The World's Largest Telescope
- The GTC Observatory building stands only 6 meters shorter than the Statue of Liberty.
n 1987, the Instituto de Astrofísica de Canarias (IAC) proposed the construction of a large, next generation telescope capable of detecting exo-planetary systems, exploring dark matter, expanding our scrutiny of black holes and gaining insight about the material created in the Big Bang's aftermath. In 1994, Grantecan S.A. was established as a separate corporation whose charter was to oversee the design and construction of what was envisioned to be the largest telescope on Earth. Known variously as the Grantecan, the Great Telescope of the Canaries or simply as the GTC, the telescope is a joint venture between Spain, Mexico, and the University of Florida (USA). Spain maintains a ninety percent ownership and oversight is provided by the IAC.
Construction commenced in 1998 on a site at the Observatorio del Roque de los Muchachos that's just up the mountain from the building where I was overnighting. Therefore, because my room faced the summit of the island, the enclosure housing the world's largest telescope dominated the view
through my window. Due to the absence of familiar nearby objects, it's somewhat difficult to grasp the building's size- it's huge! Standing at the height of a 14-story office building, the telescope's dome
would prevail over the skyline of most cities. My excitement immediately started to elevate when I saw the GTC out my window because I knew that David had arranged for a private insider tour during our three day observing run!

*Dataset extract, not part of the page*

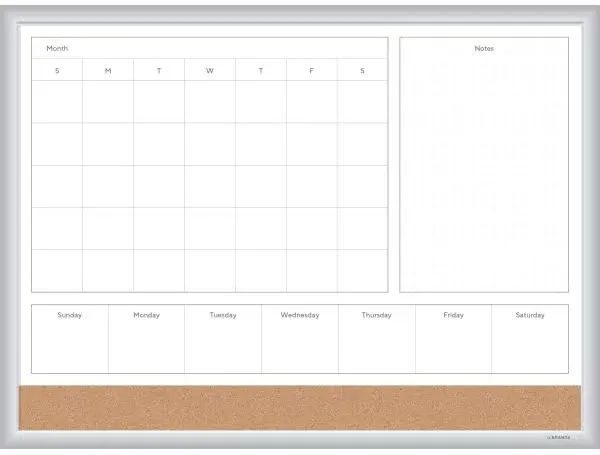 U Brands 4N1 Magnetic Dry Erase Combo Board, Week/Month Planning, 24 x 18 (Actual Size: 23 x 17), Tan/WH Surface, Satin Aluminum Frame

- The GTC's optical tube assembly is gigantic- 85-feet (26m.) from the floor to the tip of the secondary assembly and 45-feet (13.6m.) from side to side.
Constructed at a price that's estimated to approach USD$200 million, the GTC stands 85 feet from the bottom of its altazimuth mount to the tip of its zenith facing secondary mirror and its optical truss assembly spans almost 45 feet!. Even though I have studied the telescope in countless photographs and viewed it live with the Observatory's 24X7 web-cam
, I was unprepared for the scale of the instrument when I walked through the door into the room where this beast resides- it's gigantic! It reminded me of my boyhood visit to the Vehicle Assembly Building at the Kennedy Space Center when the Apollo 12 launch vehicle stood fully assembled. Of course, even though a Saturn V moon rocket stands over twice as tall as, what is now, the world's largest telescope, I was nonetheless overwhelmed by the GTC's complexity and dimensions!
- A flea's perspective- the author stands at the GTC's base.
- Photo credit: Julio Carballo Bello
The great telescope's first light
took place on July 13, 2007 but on the day of my visit, the scope was still a few months from regular operations- several more segments of the Primary mirror were yet to be installed and tested. When fully assembled, the GTC will possess a Primary mirror that measures 34 feet across- over twice the diameter of the venerable Hale Telescope on Mt. Palomar and over a foot wider than either of the twin Keck instruments in Hawaii!
The Primary's light gathering surface is composed of 36 independently controlled hexagonal shaped mirrors each weighing about half a ton, including the weight of their control rigs. When the 36 hexagonal segments are united, the Primary mirror will weigh-in at around sixteen tons! Despite this mass, each segment aligns to within three millimeters of those adjacent regardless of the telescope's pointing angle. Working in concert, they form a single, precision optical unit that will intensify starlight four million times brighter than seen by the unaided human eye.
The mirror's ability to resolve separate, closely spaced objects is staggering- for example, its 409 inch diameter would enable a Canary Island observer to distinguish car headlights half a world away in Australia! The thickness of each mirror segment is only slightly over three inches yet each has a polishing deviation no greater than 15 nanometers, or 3,000 times finer than a human hair- if each mirror segment were the size of Spain, the tallest mountain would only be about one millimeter tall!
- Temporarily stored in a protected holding room, primary mirror segments await mounting- each is approximately 6-feet in diameter.
The mirror segments are composed of Zerodur, a glass ceramic that possesses an incredibly small coefficient of expansion- which means it doesn't change shape when subjected to wide temperature ranges. This is extremely important for astronomical telescopes because they can't be used for serious research until their optics have reached the same temperature as the surrounding air each night.
The optical acuity of the GTC is critical if it's to perform its mission of peering back to a time that's close to the Universe's origin. Therefore, adaptive optic sensors will be used with each of the mirror panels to keep them perfectly aligned. This will also compensate for atmospheric turbulence and remove the shimmering effect that makes stars twinkle- in essence, the column of air along the telescope's view will appear motionless regardless of its actual speed or agitation. Adaptive optics technology, originally developed for military spy satellites, was de-classified at the end of the cold war and is now in common use at the world's leading telescopes.